Sexy hot women having sexy sex with each other

Free porn

Free money

Obama the anti-christ

Why is my   ...

Top ten reasons for hating Snooki

Will the world really end in 2012?

Craig's List+free

Can jesus microwave a burrito

zodiac

How to   ...

Get rich quick

Denzyl Washington

Really sexy children     (I know. But hey, the Internet is full of predators right? I'm fine with pedophiles stumbling upon this blog and staying for the completely awesome original content. But if you are a child predator, to follow me you have to announce yourself for what you are and/or cut off your genitals.)

Mayor Bloombito

Hurricane Irene

Chzburger

Anarchist cookbook

BOOBS

a

aa

aaa

Flaming Hot Firemen  (Haha. PUN.)

Venus Williams

PWN

free typing games (I would not have suspected this one.)

When will ...

photoshop

Facebook

Male lesbians

(your name)

and I am done/bored/hungry. Feel free to comment and add more terms. I'm going to go wash the smell of whore off me.




BREAKING NEWS: Drunk man steals, destroys watermelon

(IOWA CITY, Iowa) – An Iowa City man stole a watermelon from a local grocery store and then viciously destroyed it by smashing it onto the pavement of a residential sidewalk this week, said witnesses.

Worse, the culprit is still on the lam.

Witnesses at the scene described the man as “an idiot,” and “extremely drunk.”

Indeed, the culprit said so himself in a private interview with Schmit Happens Blog.

“Yeah, I was very drunk,” said the man, who gave the interview on condition of anonymity due the obvious illegality of his actions.

According to the melon thief, he had been drinking steadily for several hours in various downtown Iowa City bars. Afterward, he went to the grocery store. He wasn’t sure why, but upon leaving the store, in a martini-fueled rage he grasped the melon and proceeded to make off with it, only to smash it on the pavement a few minutes later for, what he said was “no reason.”

“I don’t really remember much of it,” he said.

A friend of the man, who also wished to remain anonymous as he did not want to be associated with “such a complete jackass,” said the melon thief was indeed very drunk.

This leaves the question of what the city should do.
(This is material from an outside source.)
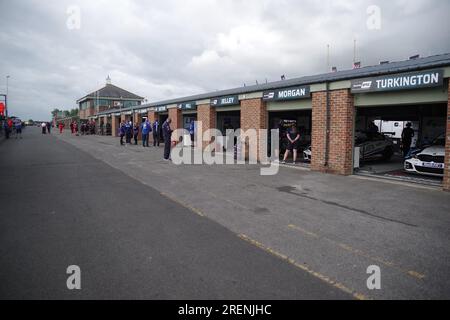 Dalton on Tees, 29. Juli 2023. Die Boxengasse am Croft Circuit vor Beginn des Meetings. Kredit: Colin Edwards/Alamy Live News Stockfoto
Will melons in Iowa City ever be safe? Will this drunken melon-killer ever be caught?

Associates with this Blog, for it’s part, ate a piece of pizza, finished a Heineken beer and told the man, “You are a fool. A complete fool sir,” and then went to bed.
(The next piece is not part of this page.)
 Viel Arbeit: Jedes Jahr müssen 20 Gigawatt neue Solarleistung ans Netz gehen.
If caught the man faces charges of Shoplifting, Public Intoxication and Unnecessary Destruction of Produce.

Ian starts a blog

Oh yes, I have. What will I post?

Who knows.

Probably required assignments.

Very likely.

But perhaps other things too.

Perhaps funny pictures of kittens doing silly things, or home videos of myself inebriated and falling on my ass.

Oh yes, maybe.  Are you riveted yet?